CAAIssuanceNotAllowed
Fatal
No CAA record on healthchecks.io (wildcard=false) contains the issuance domain letsencrypt.org". You must either add an additional record to include "letsencrypt.org" or remove every existing CAA record. A list of the CAA records are provided in the details. healthchecks.io. 0 IN CAA 0 issue "sectigo.com"
I have a DNS CAA record on my root domain:
healthchecks.io CAA 0 issue sectigo.com
And on a subdomain:
blog.healthchecks.io CAA 0 issue letsencrypt.org
This used to work fine and LetsEncrypt was able to issue certificates for the subdomain. Sometime in the last 3 months this started to fail and I finally noticed yesterday when the certificate for the subdomain expired.
Note that the CA will always respect the CAA record closest to the domain name it is issuing a certificate for. So if you’re requesting a cert for “www.community.example.org”, the CA will check “www.community.example.org”, then “community.example.org”, then “example.org”, stopping at the first CAA record it finds.
From this it seems that my DNS setup should have been fine.
To fix the immediate problem I added another CAA record:
healthchecks.io CAA 0 issue letsencrypt.org
And then LetsEncrypt did issue a new certificate for the subdomain. But I would like to understand why my previous setup used to work, and does not work any more.
I think the problem is, is that blog.healthchecks.io has a CNAME and it's not allowed in DNS specs to have any other RR (other than DNSSEC RRs). Thus the CAA RR next to the CNAME is ignored.
Well, I don't know how it used to work to have both a CNAME and CAA record on the same name (your DNS server should prevent it, I would think, since it doesn't make any sense), but there is at least one other recent time here of someone saying that it used to work for them until recently as well. There might have been an update on Let's Encrypt's side that ended up stopping that configuration from working anymore, but honestly I don't see how it ever would have worked. CNAME means "go look over there", saying "but also look here for one of the records" isn't a concept that DNS has.
LetsEncrypt sees the blog.healthchecks.io CNAME cdn.hardypress.com record and follows it
LetsEncrypt sees cdn.hardypress.com CNAME hardypress.b-cdn.net record and follows it
LetsEncrypt finds no CAA record for hardypress.b-cdn.net
LetsEncrypt now checks the parent domain of blog.healthchecks.io, which is healthchecks.io. This domain has a CAA record, which only allows sectigo as an issuer. So LetsEncrypt gives up.

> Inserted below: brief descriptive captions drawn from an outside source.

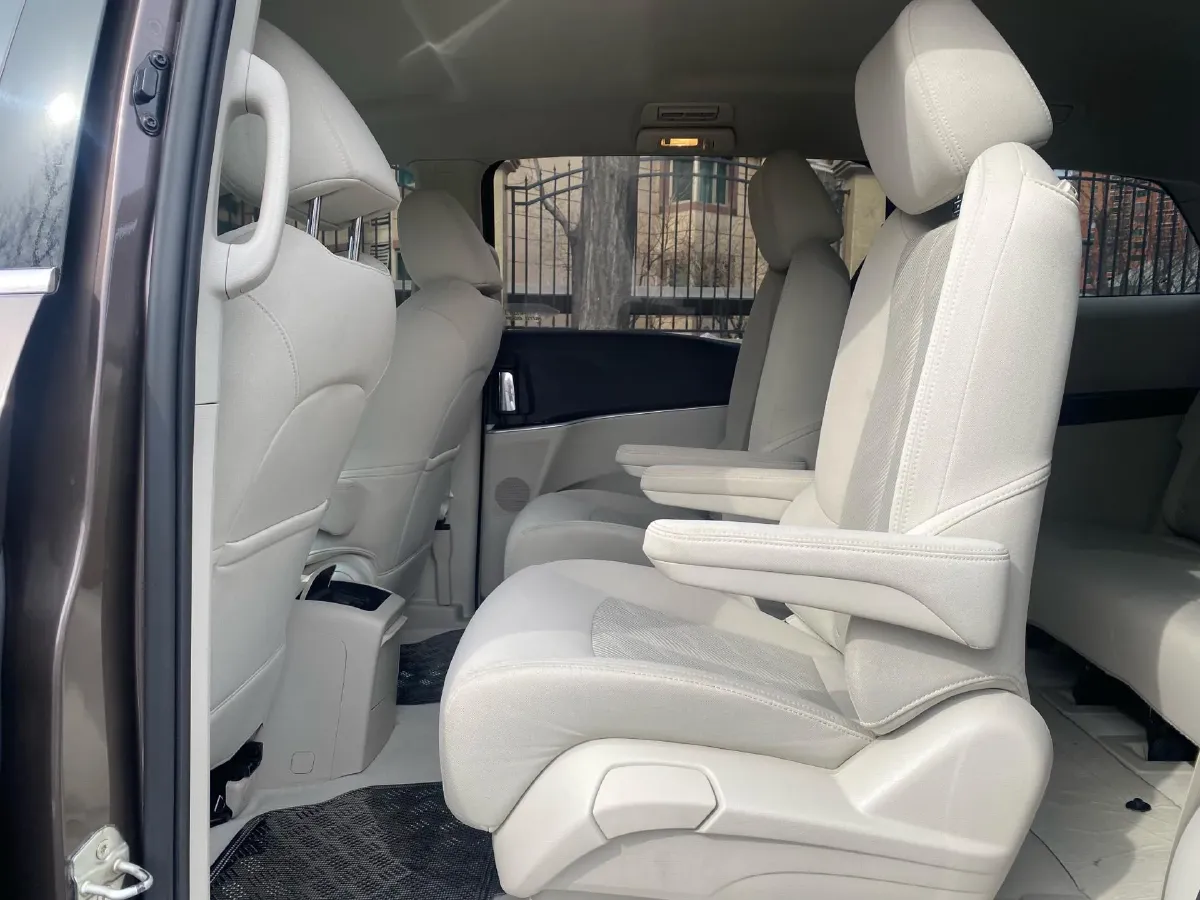 2023 Buick GL8 2.0T 237HP L4 9AT,autocango,china used car exporter,china ev exporter,chinese used car exporter,chinese used ev exporter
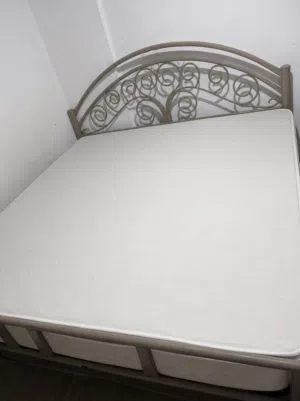 سرير للبيع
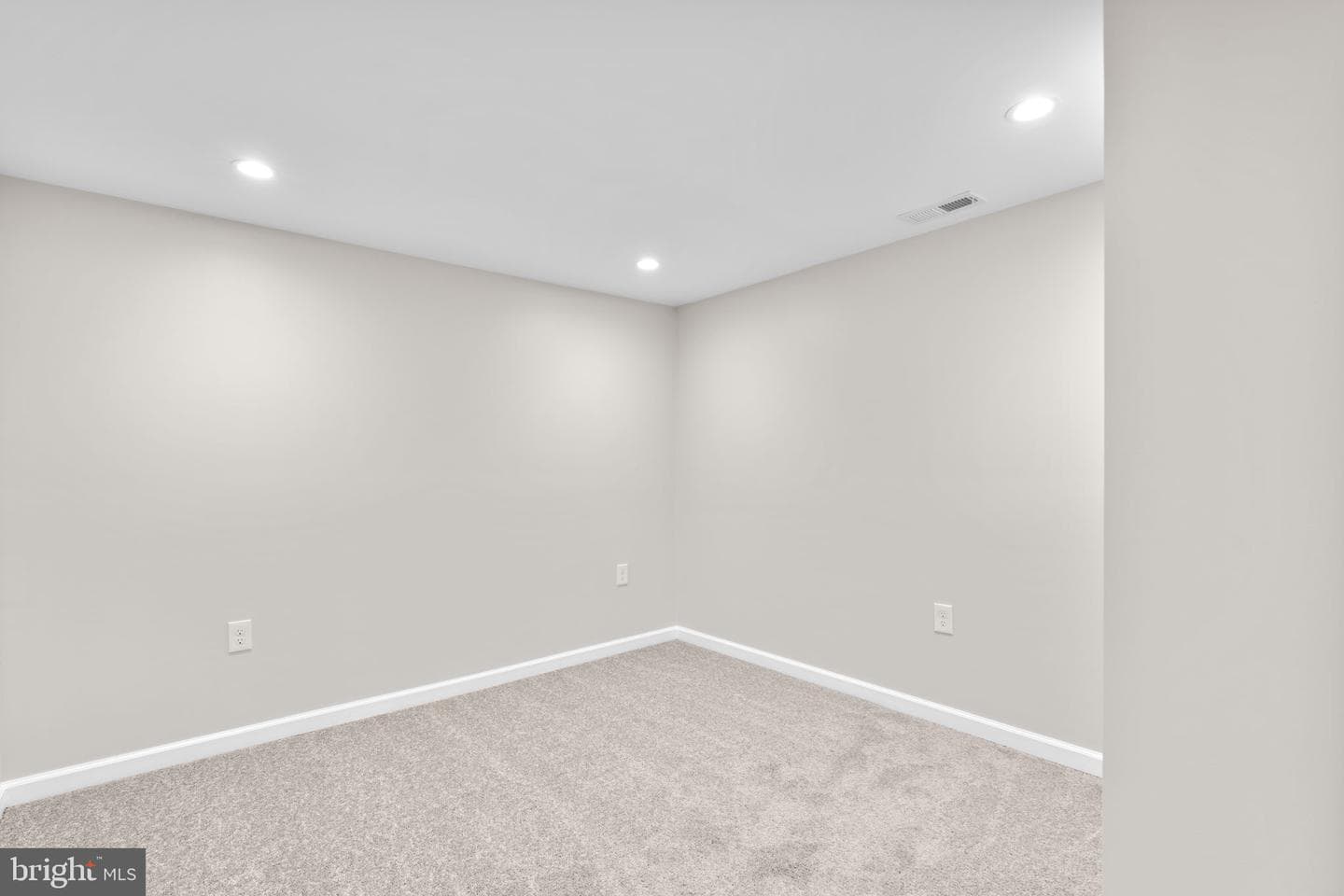2846 Oakley Avenue photo 21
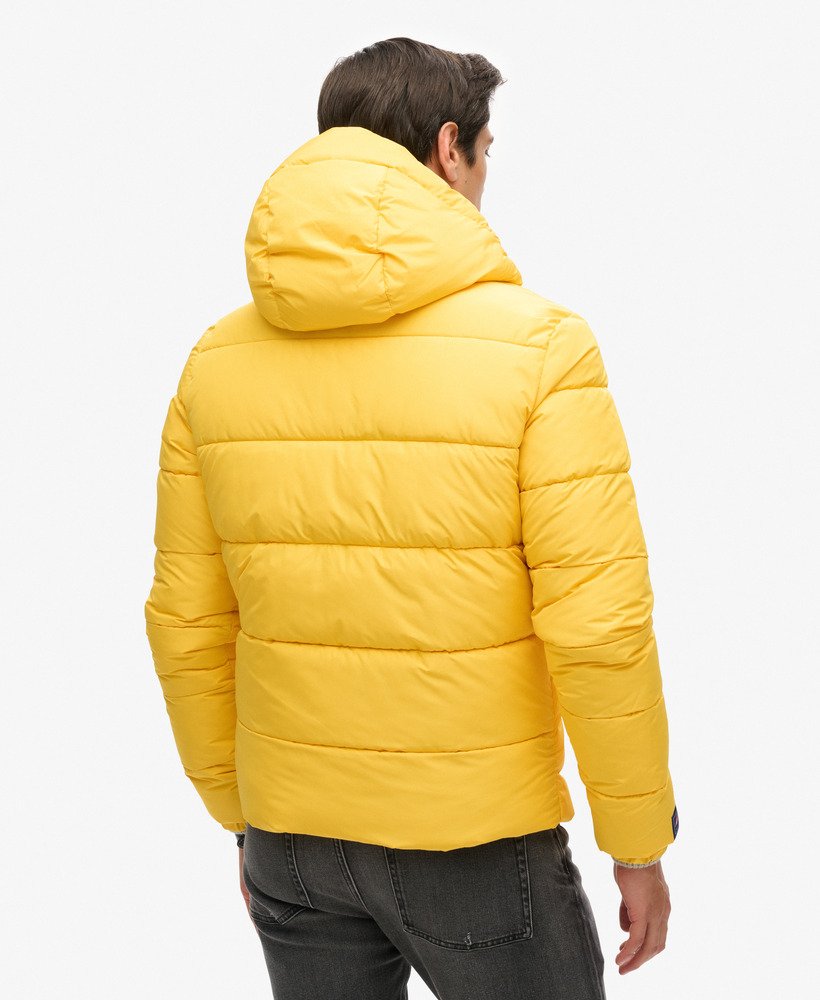 jaqueta esportiva puffer com capuz na cor verde limão.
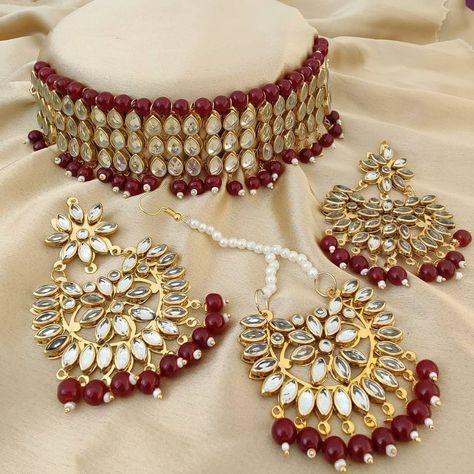 Maroon Necklace, Flower Jewellery For Mehndi, Wedding Jewellery Designs, Maang Tika, Beautiful Jewelry Diamonds, Antique Gold Rings, Bridal Jewellery Earrings, Kundan Choker, Jewelry Set Design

Assuming this is correct, I guess a good solution would be for Bunny CDN to serve CAA records for all their <name>.b-cdn.net domains, so step 3 succeeds.
As a workaround I can add an extra CAA record for healthchecks.io, so step 4 succeeds. This is not ideal as it would now allow LetsEncrypt to issue certificates for more domains than intended.
If you want to add Let's Encrypt to your base CAA record, but not have it be entirely open, you may want to consider adding an accounturi to the record, which will only allow Let's Encrypt to issue when being requested from a specific ACME account.